February 6, 2018 – Presenting
Discussing consequences of inaction with a customer requires a little finesse. It’s not pushing. It’s not being argumentative. It’s not frightening your customer with a list of negative effects. Instead, getting your customer to acknowledge consequences is about getting him to look at the other side of things and consider the risks of inaction. It’s about being a consultant, someone who can provide valuable insights the customer might not be considering.
January 30, 2018 – Presenting
Utilizing social proof, addressing alternative options, and acknowledging consequences are effective ways to strengthen the solution you have suggested to your customer. Doing so helps instill in him greater confidence in the purchase decision – and in you as a trusted advisor.
January 23, 2018 – Presenting
There is power in simplicity when it comes to presenting. Sales presentations aren’t about discussing every single piece of data, every specification, every feature, and every benefit. It’s not about delivering a twenty-minute monologue accompanied by eighty PowerPoint slides. It’s about sharing a targeted presentation that identifies solutions in a way that is tailored to meet the customer’s needs.

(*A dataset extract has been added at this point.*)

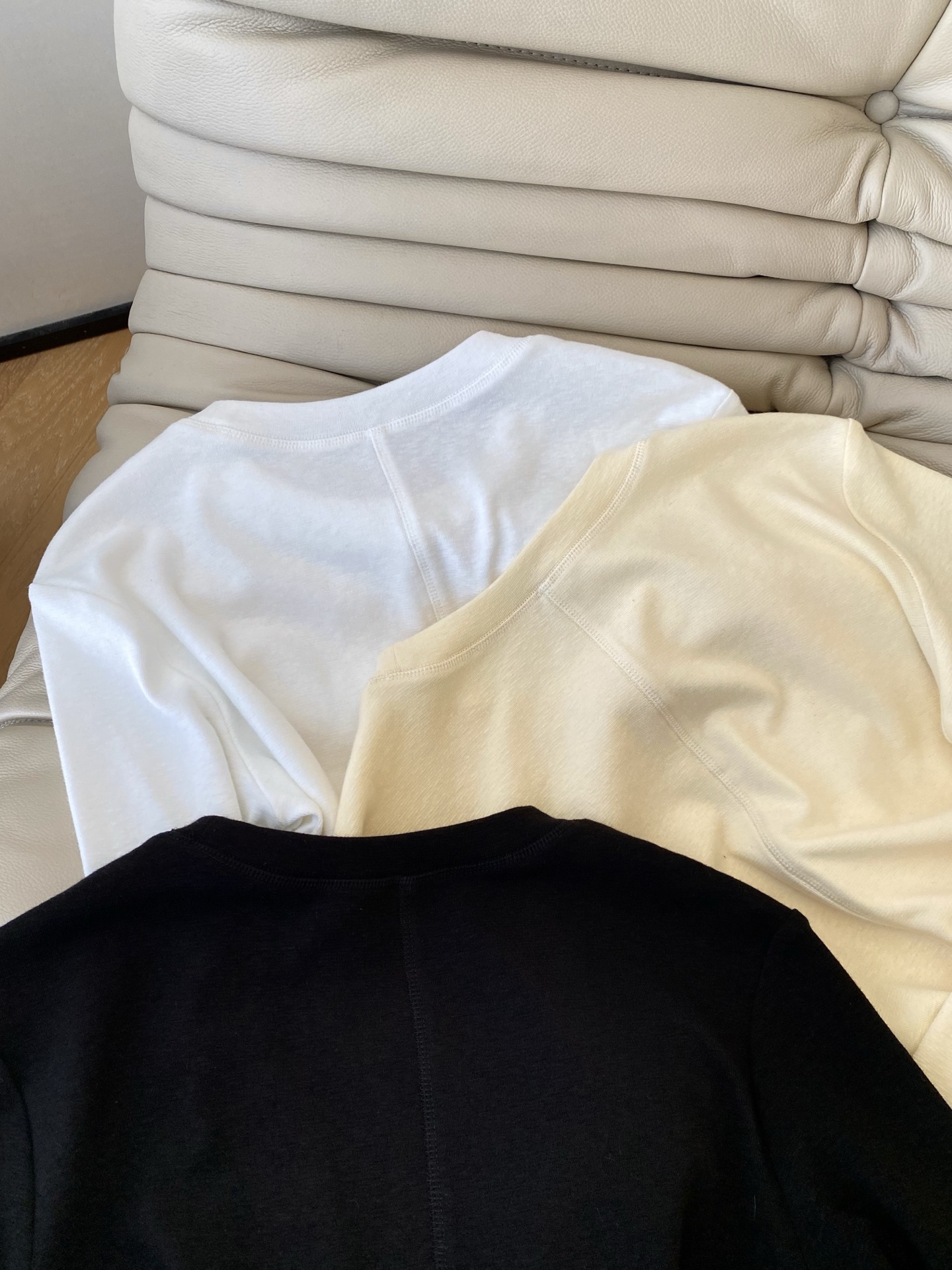 26SS 早春miu系长袖上衣 软糯亲肤的面料贴身穿超舒服 修身剪裁还能悄悄勾勒身材曲线 内搭外穿都能搭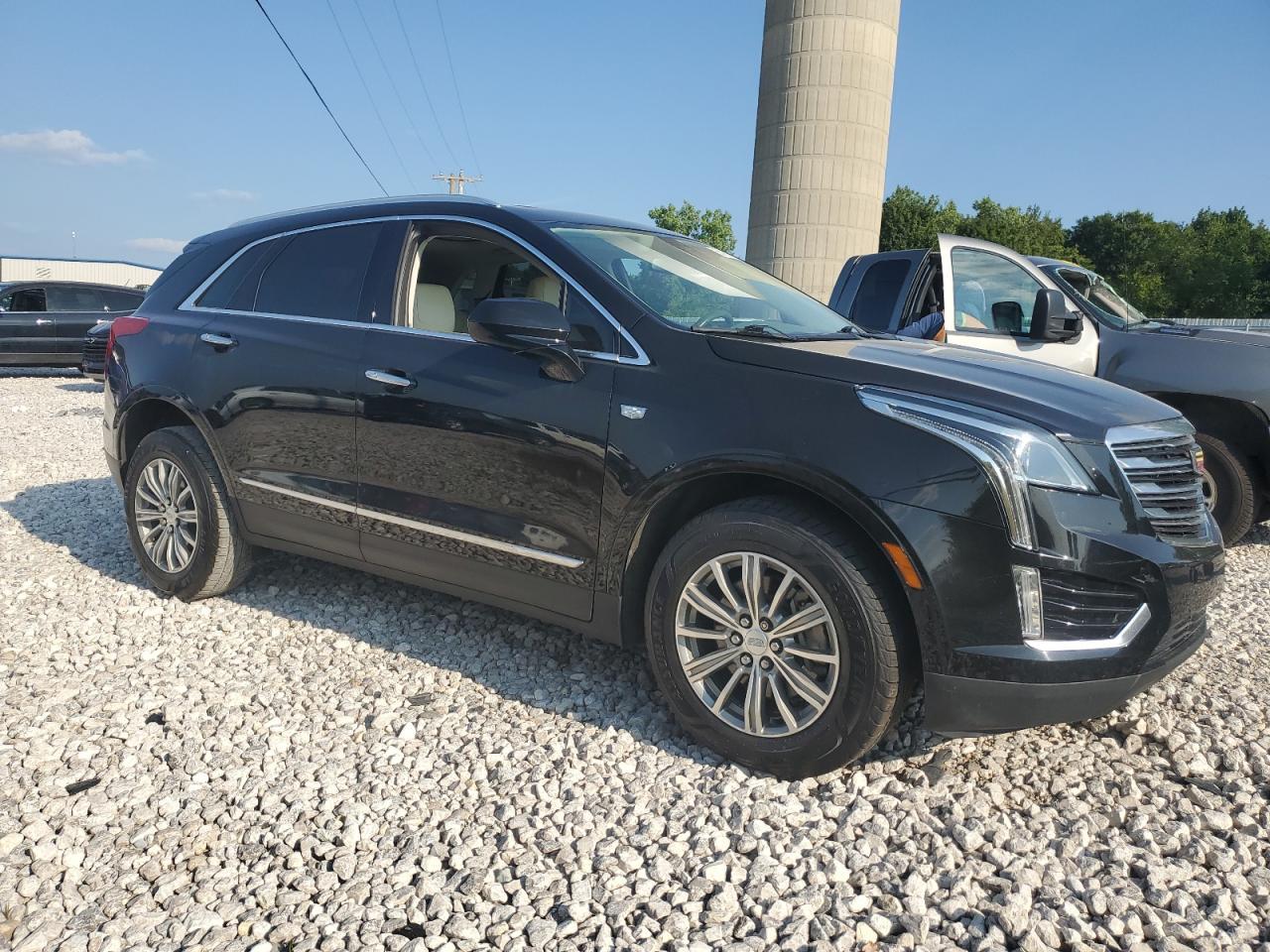 2017 Cadillac Xt5 Luxury - Image 4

January 16, 2018 – Discovering
Phrasing questions in the right way can help you elicit quality information that helps you uncover your customer’s needs. But even more than that, asking the right questions in the right way at the right time can help you uncover not only what the customer thinks he needs but also myriad possibilities the customer might never have even thought of. Questioning can help you dig deeper, allowing your customer to think beyond what must be done or what should be done to what could be done.
January 9, 2018 – Discovering
During no point in the sales process should you push forward if the customer isn’t ready. It’s a common pifall for sales reps to fall into that old always-be-closing mentality, but that almost always backfires. Don’t rush your customer through the sales process. Allow her time to ask questions. Listen to her answers. Ask for feedback. Address alternative options that she is considering. Discuss what the consequences of her go or no-go decision might be.
January 2, 2018 – Presenting
After every sales interaction, do some reflecting to help plan and determine your objectives for the next call so you can accelerate the sales process and close more deals. If you don’t do this, you won’t be able to adjust and make the next call more productive. Failing to reflect just makes it that much more difficult to plan for the next interaction with your customer.
December 26, 2017 – Discovering
One of the easiest ways to move from order taker to trusted advisor is by asking thoughtful questions designed to get your customers to open up and think differently about their particular situation. Top performers focus more on asking questions than on regurgitating information about how great they, their organization, and their products and services are. Because of that, top performing sales professionals more quickly and more effectively build credibility.
December 19, 2017 – Opening
Building rapport with your customer goes beyond making friendly banter. Don’t assume that because your customer is friendly and personable or pleasant that you’ve built rapport. Rapport is built over time, and it takes constant work, as with any relationship.